Benchmarks

Measure how often AI models recommend the brand for real shopping questions — and which competitors show up instead.

Last updated July 5, 2026

Benchmarks measures AI brand visibility: when a shopper asks an AI model a buying question in the brand’s category, how often does the model name the brand — and which competitors come up instead? It’s the outside view of everything else Lumio does. Scoring and enrichment improve the data; Benchmarks tracks whether that work is moving the needle where it counts.

Benchmarks is part of the Elite plan. Open Benchmarks under Insights in the sidebar.

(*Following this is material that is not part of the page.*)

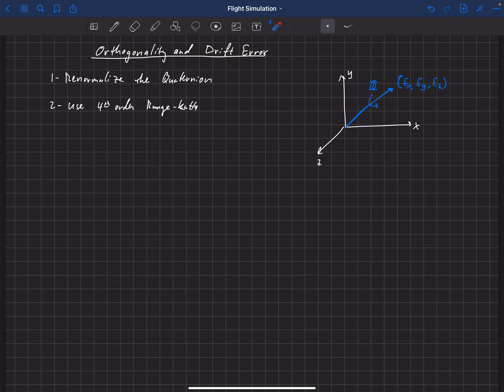Drift error is basically that as we integrate forward, our Quaternion is going to get off just a little bit, so our Euler axis would be off just a little bit from where it actually should be. Drift error is handled by the pilot noticing they are off orientation or off course a little bit, and the autopilot makes small corrections naturally throughout flight anyway due to asymmetries in aerodynamics, turbulence, or atmospheric conditions. So drift error isn't too big of a deal.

The Benchmarks page — an overall visibility score with a per-model breakdown across ChatGPT, Perplexity, Claude, and Gemini Visibility is scored per model. Perplexity answers with live web retrieval (“Grounded”); the others answer from trained knowledge (“Trained”).

How it works

1. Prompts are generated from the catalog

Lumio samples the catalog and generates a set of shopping prompts — the kind of question a real shopper would ask an AI assistant (“best waterproof hiking boots for wide feet,” not “tell me about Canopy”). The prompts deliberately never mention the brand, because the test is organic discovery: would the model surface the brand on its own?

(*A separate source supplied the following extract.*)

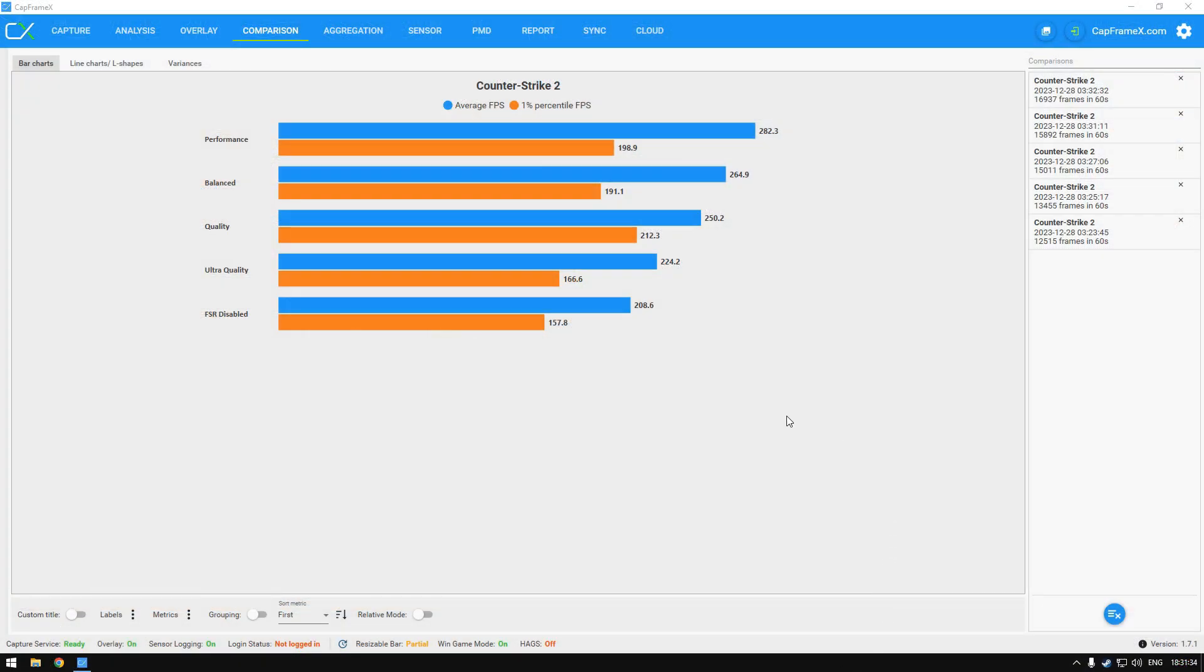As I have previously shown I am getting 208 fps on the default values and I am getting almost 282 on the performance. However the best one percentile fps is by quality. That setting is giving me the best one percentile fps.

The generated set is locked as a baseline. Every run uses the same baseline so the trend line stays comparable over time. Regenerating the prompts starts a new baseline.

2. Prompts run against four AI models

Each prompt is sent to ChatGPT, Perplexity, Claude, and Gemini. One important distinction: only Perplexity answers with live web retrieval. ChatGPT, Claude, and Gemini answer from their trained knowledge, so their results reflect what the model already “knows” about the brand and its category, not a live web ranking. Both signals matter — they’re just different questions.

3. Responses are judged for brand and competitor mentions

Each model’s answer is evaluated by Claude to determine whether the brand was mentioned, how (recommended, listed, compared, or spoken of negatively), and which competing brands showed up. The judging runs through Anthropic’s Batch API to keep the cost of a full run down.

Reading the results

  • Visibility score — The share of prompts where the brand was mentioned, computed per model and then averaged across models. Responses that fail (a model or judge error) are left out of the math rather than counted as a miss.
  • Trend — Because every run uses the same baseline prompts, the score is comparable run over run.
  • Competitor visibility — The competitors on this page aren’t picked by Lumio. They emerge from whatever brands the models name in their answers. The table ranks the top competitors by share of voice, showing total mentions and reach (the share of prompts each appeared in).

Corrections

Model output is messy — a competitor might be named three different ways, or a model might refer to the brand by a parent company. Lumio lets the brand correct attribution with aliases: mark a name as the brand, mark it as not the brand, rename it, or hide it. Corrections apply as an overlay on past runs and feed into how future runs are judged, without altering the raw model data.

Running benchmarks

Runs can be scheduled weekly or monthly, or triggered manually. Manual runs are rate-limited per workspace, and only one run is active at a time. An email arrives when a run finishes, with the resulting visibility score.